The authors compare model performance across the original GSM8K benchmark and three modified variants designed to test reasoning robustness through symbolic changes and increased difficulty. The results indicate that the original GSM8K benchmark consistently achieves higher overall accuracy compared to the modified versions, suggesting that these variations introduce challenges that slightly reduce model performance. The original GSM8K benchmark demonstrates superior overall performance compared to the modified GSM-Symbolic and GSM-P variants. Increasing question difficulty through added clauses results in a measurable drop in accuracy, with GSM-P1 and GSM-P2 scoring lower than GSM-Symbolic. Models maintain high accuracy across the benchmarks, though the specific variant of the test has a noticeable impact on the final results.

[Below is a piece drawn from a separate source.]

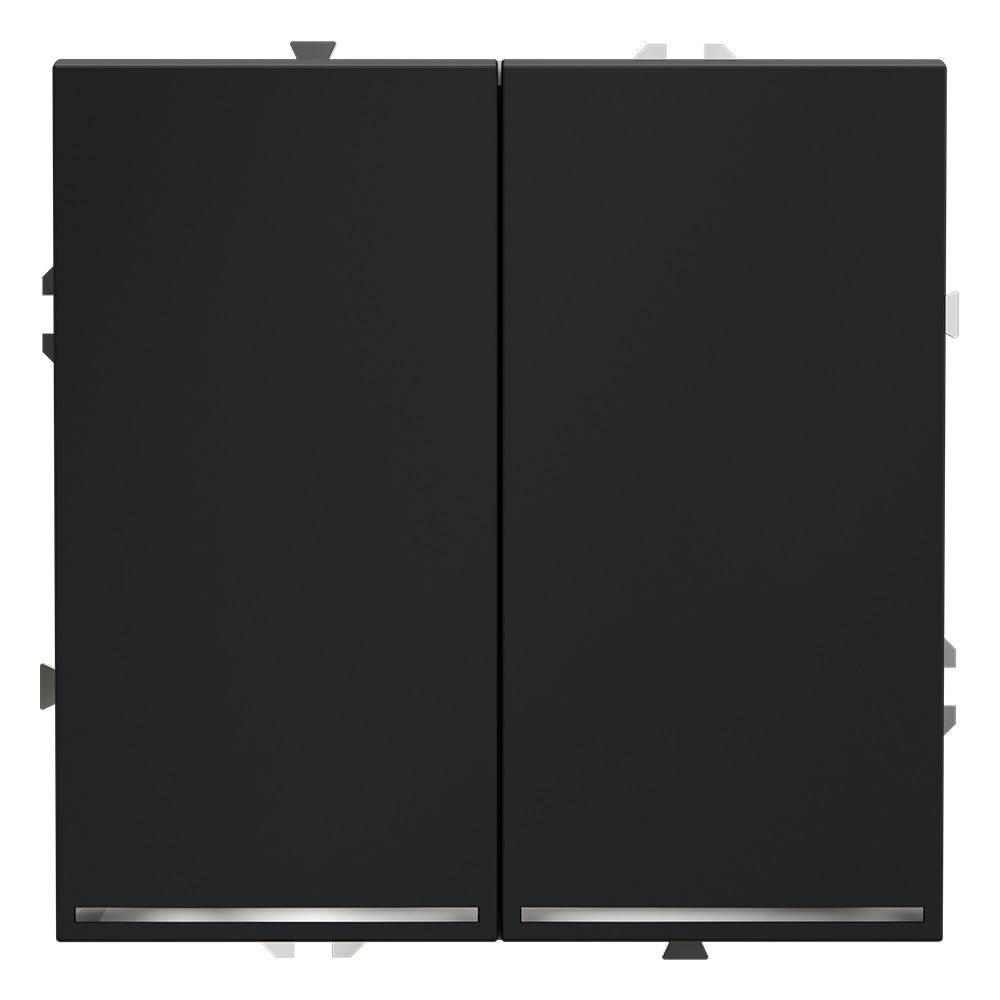 Выключатель встраиваемый VOLTUM S70 двухклавишный с подсветкой 10А, (графит)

The authors evaluate large language models on the GSM8K benchmark and modified variants to assess reasoning reliability and robustness against symbolic changes. Results indicate a consistent performance drop on these variations compared to the original dataset, suggesting a potential reliance on pattern matching rather than formal reasoning. Furthermore, increasing question difficulty or adding irrelevant information leads to significant accuracy degradation across all tested models.